» What needs to be done
Once you reach the line with "bombalandı - 2. Resim" in the material below, copy each line exactly up to and including the line with "13.09.2026 - 21.", and skip the pictures.

» Input data
--

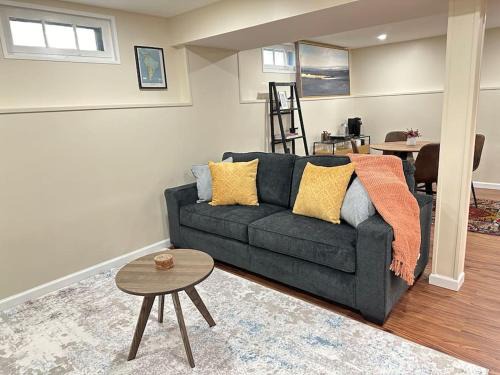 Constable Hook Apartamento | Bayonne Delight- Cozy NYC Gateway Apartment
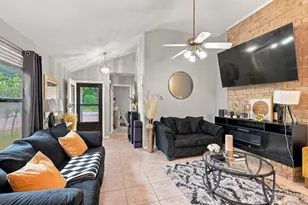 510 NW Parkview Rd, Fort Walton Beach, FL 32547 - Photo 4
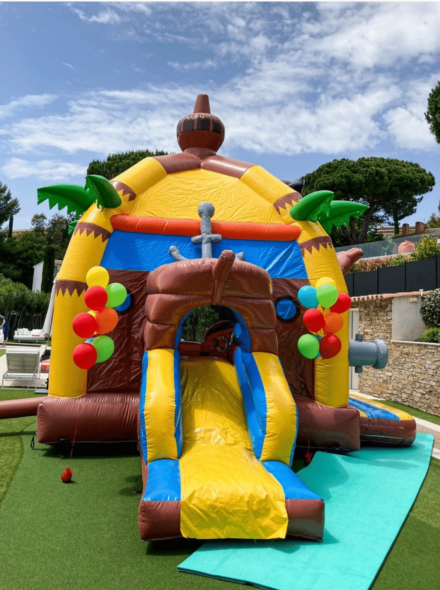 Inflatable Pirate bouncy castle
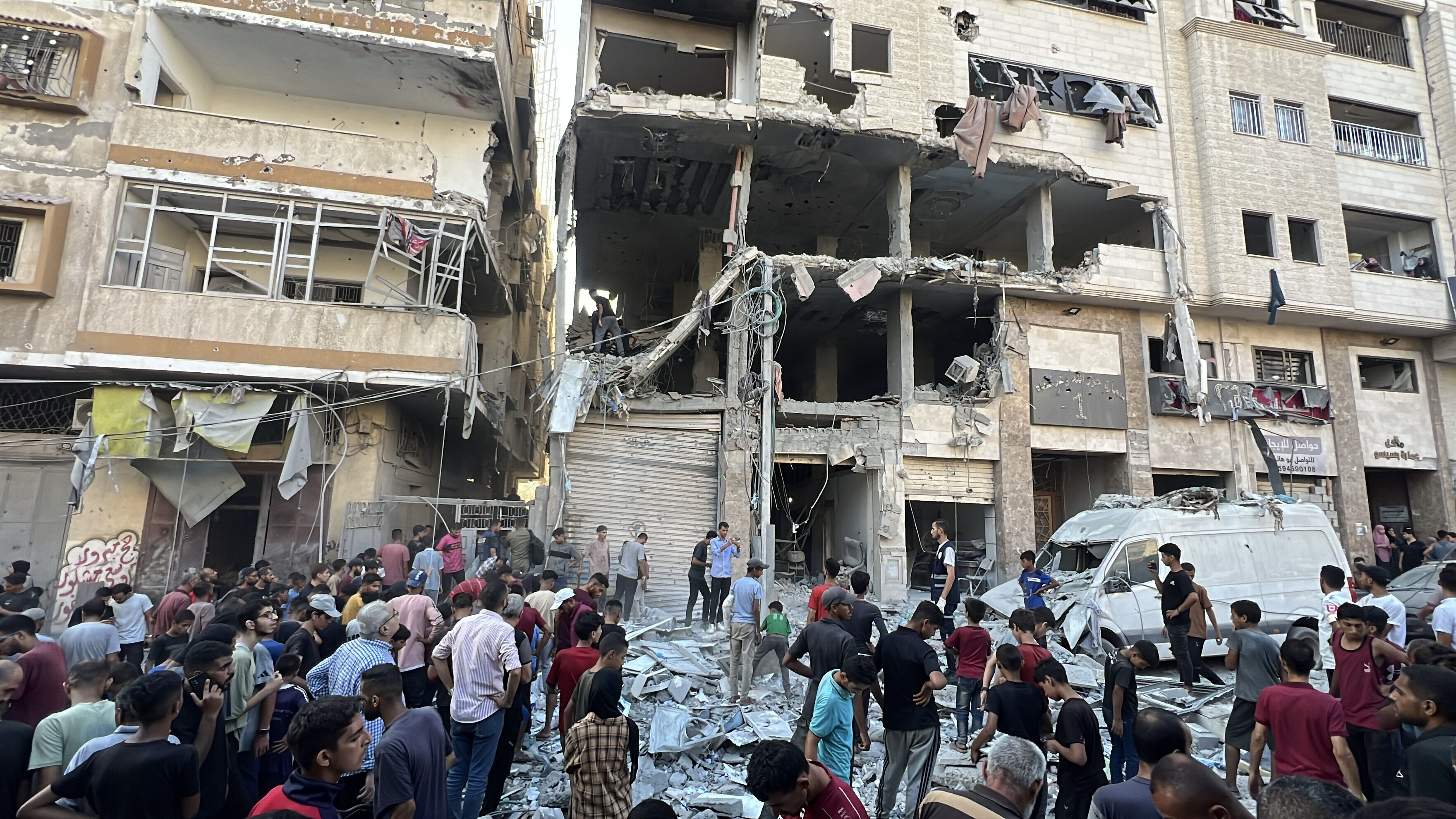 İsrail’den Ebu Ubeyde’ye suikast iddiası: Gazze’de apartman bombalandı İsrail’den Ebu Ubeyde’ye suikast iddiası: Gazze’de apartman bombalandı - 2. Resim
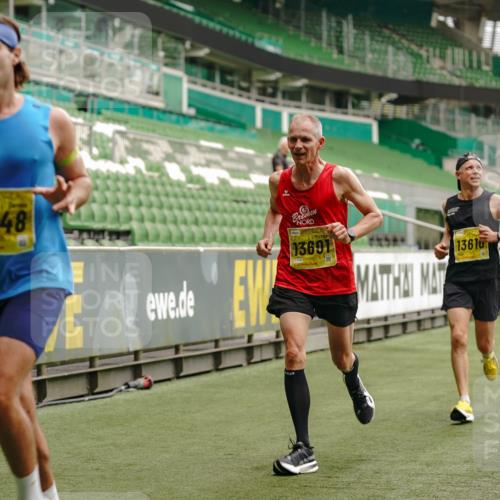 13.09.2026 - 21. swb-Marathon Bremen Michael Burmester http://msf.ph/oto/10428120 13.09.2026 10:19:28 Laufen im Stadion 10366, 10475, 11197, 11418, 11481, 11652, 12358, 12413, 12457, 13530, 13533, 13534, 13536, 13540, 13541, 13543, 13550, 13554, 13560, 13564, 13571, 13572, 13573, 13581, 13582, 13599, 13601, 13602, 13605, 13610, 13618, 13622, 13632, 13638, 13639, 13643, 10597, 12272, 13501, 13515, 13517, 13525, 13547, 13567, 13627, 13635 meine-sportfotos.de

--

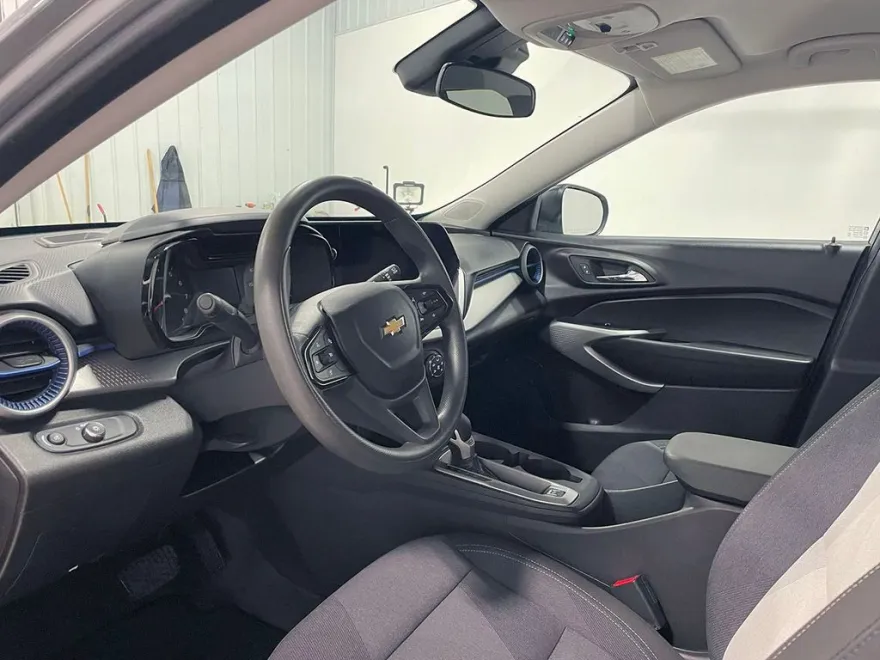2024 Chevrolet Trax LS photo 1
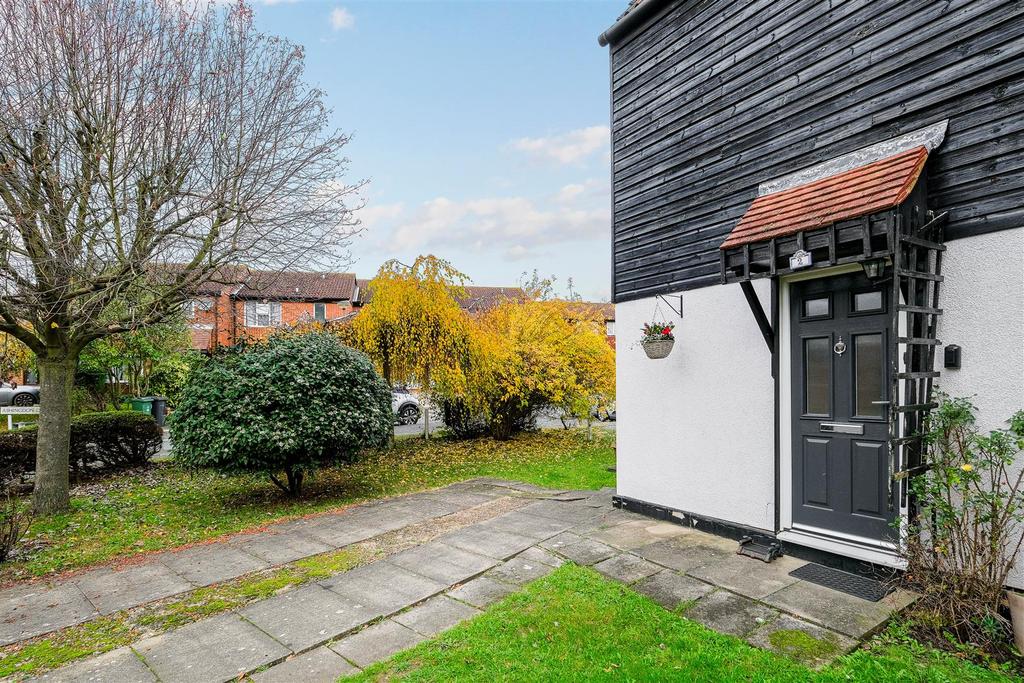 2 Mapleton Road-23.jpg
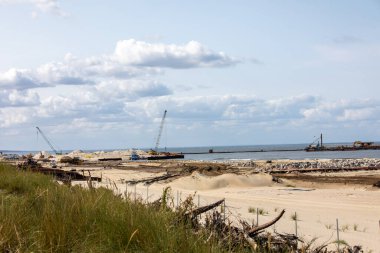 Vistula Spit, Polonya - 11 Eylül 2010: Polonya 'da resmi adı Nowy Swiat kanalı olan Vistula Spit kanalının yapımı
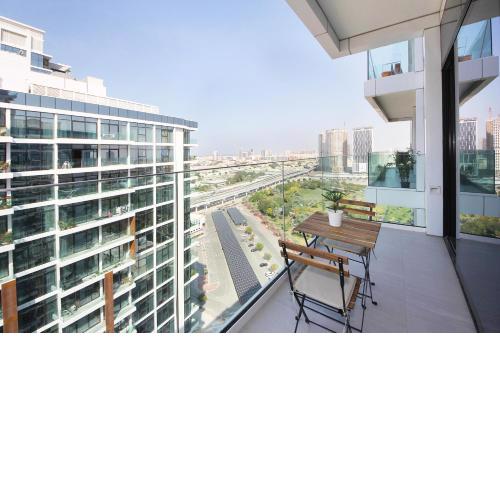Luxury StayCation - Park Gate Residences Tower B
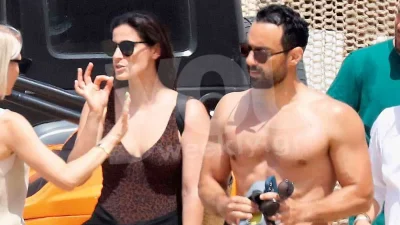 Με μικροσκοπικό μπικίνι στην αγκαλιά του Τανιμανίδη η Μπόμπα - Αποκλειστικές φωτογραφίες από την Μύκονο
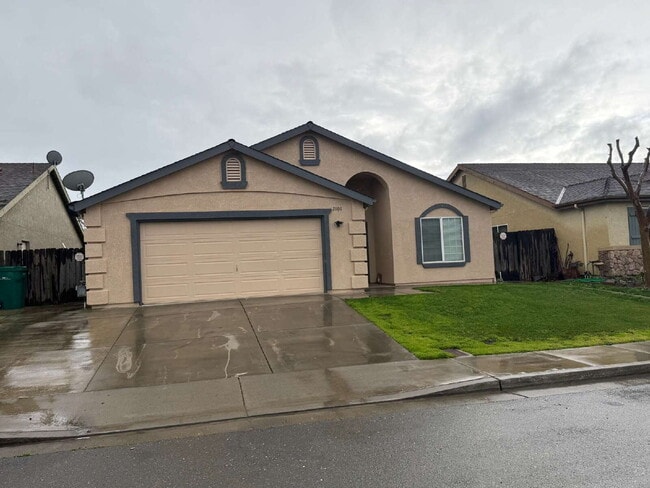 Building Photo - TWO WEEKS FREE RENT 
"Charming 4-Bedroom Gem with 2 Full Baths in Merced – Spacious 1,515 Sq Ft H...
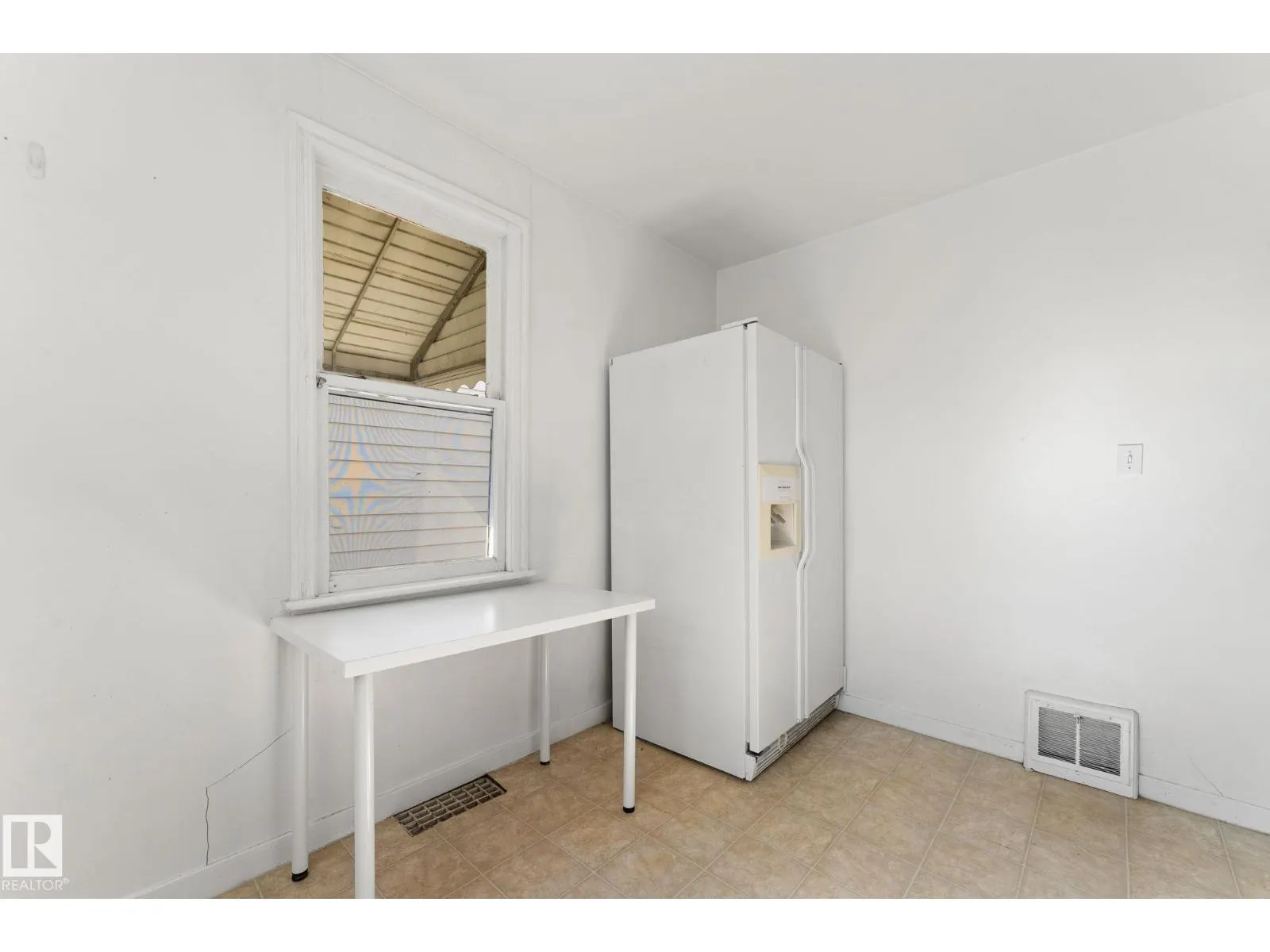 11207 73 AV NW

--

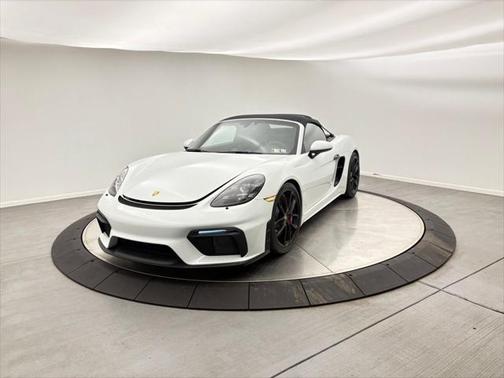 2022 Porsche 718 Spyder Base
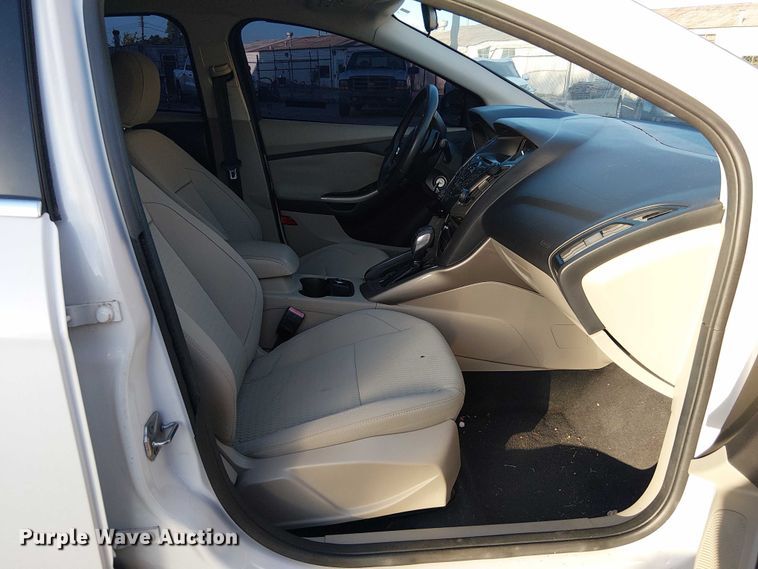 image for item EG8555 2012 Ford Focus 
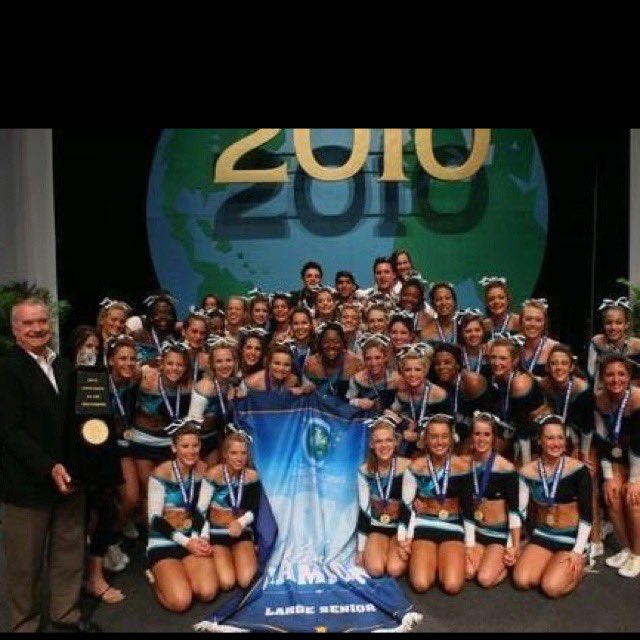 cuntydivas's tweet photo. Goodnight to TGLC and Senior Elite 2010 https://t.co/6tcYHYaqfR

--

» Answer box
 İsrail’den Ebu Ubeyde’ye suikast iddiası: Gazze’de apartman bombalandı İsrail’den Ebu Ubeyde’ye suikast iddiası: Gazze’de apartman bombalandı - 2. Resim
 13.09.2026 - 21. swb-Marathon Bremen Michael Burmester http://msf.ph/oto/10428120 13.09.2026 10:19:28 Laufen im Stadion 10366, 10475, 11197, 11418, 11481, 11652, 12358, 12413, 12457, 13530, 13533, 13534, 13536, 13540, 13541, 13543, 13550, 13554, 13560, 13564, 13571, 13572, 13573, 13581, 13582, 13599, 13601, 13602, 13605, 13610, 13618, 13622, 13632, 13638, 13639, 13643, 10597, 12272, 13501, 13515, 13517, 13525, 13547, 13567, 13627, 13635 meine-sportfotos.de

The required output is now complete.